Show us a black cape, a brooding castle and a dust-covered coffin, and we all know what it means—Count Dracula can’t be far away. The Transylvanian vampire has altered the cultural landscape since Irish author Bram Stoker penned the novel Dracula in 1897.

But Dracula has also altered the financial landscape, as Paul Bibeau (Col ’92) explains in his humorous new book Sundays with Vlad: From Pennsylvania to Transylvania, One Man’s Quest to Live in the World of the Undead.

When Bibeau searched the U.S. Patent and Trademark databases, for instance, he unearthed 85 trademarks and 73 patents tied to Dracula. He also found that, for less than $300, you can have a custom set of fangs made in the back of a New York Halloween shop. These arcane facts, and many more, enliven the book’s 292 pages.

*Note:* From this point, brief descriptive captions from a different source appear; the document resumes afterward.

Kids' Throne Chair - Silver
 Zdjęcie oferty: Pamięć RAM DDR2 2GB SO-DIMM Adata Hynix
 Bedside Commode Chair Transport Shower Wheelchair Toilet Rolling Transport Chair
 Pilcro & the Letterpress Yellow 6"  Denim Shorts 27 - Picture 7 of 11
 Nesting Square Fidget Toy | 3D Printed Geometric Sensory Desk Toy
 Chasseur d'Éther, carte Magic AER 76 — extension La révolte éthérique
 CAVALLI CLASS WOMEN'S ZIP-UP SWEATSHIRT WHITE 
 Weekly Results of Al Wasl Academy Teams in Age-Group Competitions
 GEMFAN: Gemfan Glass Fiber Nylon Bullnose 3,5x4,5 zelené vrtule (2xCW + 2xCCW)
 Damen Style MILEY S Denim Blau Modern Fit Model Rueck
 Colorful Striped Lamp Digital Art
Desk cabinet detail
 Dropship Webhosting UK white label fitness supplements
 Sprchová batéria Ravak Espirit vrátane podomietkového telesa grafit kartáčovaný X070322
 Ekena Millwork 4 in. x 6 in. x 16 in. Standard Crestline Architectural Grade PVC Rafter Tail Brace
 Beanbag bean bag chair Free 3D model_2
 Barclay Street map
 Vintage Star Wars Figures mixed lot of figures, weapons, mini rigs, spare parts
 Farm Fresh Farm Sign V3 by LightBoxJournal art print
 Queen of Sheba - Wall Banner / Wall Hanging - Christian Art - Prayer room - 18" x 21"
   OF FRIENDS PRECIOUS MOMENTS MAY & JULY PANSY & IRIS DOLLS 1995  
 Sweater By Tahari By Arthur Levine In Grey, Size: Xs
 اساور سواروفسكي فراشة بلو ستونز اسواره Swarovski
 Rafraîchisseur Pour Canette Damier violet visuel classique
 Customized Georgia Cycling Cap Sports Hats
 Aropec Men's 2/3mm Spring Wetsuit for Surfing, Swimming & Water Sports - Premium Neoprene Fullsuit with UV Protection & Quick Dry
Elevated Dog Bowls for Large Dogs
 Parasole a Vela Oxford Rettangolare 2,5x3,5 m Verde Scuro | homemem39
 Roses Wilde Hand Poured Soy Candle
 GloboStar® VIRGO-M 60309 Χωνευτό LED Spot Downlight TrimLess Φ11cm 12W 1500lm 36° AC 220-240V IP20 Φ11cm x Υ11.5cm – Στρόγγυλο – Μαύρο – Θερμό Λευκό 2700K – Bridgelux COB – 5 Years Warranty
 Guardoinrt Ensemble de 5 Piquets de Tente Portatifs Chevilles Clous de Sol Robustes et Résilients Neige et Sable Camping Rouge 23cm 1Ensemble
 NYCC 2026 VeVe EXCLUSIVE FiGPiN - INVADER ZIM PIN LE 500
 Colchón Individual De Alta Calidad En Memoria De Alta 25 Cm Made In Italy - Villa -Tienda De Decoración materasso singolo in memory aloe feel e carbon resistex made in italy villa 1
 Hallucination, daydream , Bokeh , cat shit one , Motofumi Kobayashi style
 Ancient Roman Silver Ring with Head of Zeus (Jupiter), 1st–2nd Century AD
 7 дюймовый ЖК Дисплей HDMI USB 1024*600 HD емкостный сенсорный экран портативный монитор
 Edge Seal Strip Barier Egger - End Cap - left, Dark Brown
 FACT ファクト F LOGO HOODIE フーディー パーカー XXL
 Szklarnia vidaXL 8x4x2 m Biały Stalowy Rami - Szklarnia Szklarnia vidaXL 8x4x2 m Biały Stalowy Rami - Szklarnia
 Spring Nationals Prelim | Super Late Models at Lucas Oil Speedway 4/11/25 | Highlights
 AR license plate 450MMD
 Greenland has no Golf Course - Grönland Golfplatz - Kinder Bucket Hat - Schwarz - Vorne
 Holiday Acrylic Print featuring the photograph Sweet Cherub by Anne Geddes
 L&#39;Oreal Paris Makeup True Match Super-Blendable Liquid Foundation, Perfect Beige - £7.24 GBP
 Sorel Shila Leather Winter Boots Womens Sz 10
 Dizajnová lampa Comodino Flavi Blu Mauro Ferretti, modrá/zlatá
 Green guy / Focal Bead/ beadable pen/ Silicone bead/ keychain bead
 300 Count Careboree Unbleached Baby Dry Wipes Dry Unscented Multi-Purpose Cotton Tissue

Sundays with Vlad was an outgrowth of an assignment for Maxim magazine to learn why a proposed Dracula theme park in Romania never got off the ground (a trip that he says “ruined his honeymoon”). But Bibeau’s fascination with the subject matter began decades earlier.

“I became the odd little kid who’s in love with monsters,” he writes. “I loaded up on books about vampires and werewolves at the school library. In the morning, I’d take the books back and promise myself I’d never read them again, and [then I’d] check them out again the very next week.”

As an author, he wanted to explore and explain our fascination with the undead. He also delved into the real-life Dracula, a 15th-century European prince named Vlad Dracula—also known as Vlad the Impaler. Vlad, who lived in what is now Romania, got his nickname from the alleged pleasure he took in dispatching his enemies through the particularly painful method of impalement.

But as Bibeau was to learn, truth in such matters is often elusive. “Getting to the bottom of the real Vlad is like peeling an onion,” he says. “There’s one truth under another. When you read about Vlad, you’re reading stories written by his worst enemies. Even the stuff we think is true might not be true.” There’s no strong evidence, for instance, that Vlad drank blood, says Bibeau.

“The problem with history is that it’s written by people who might not be right. Add to this a layer of propaganda and a layer of Hollywood, and it’s really difficult to figure out what the truth is,” he adds. “But the legend has taken on a life of its own and created a pop culture.”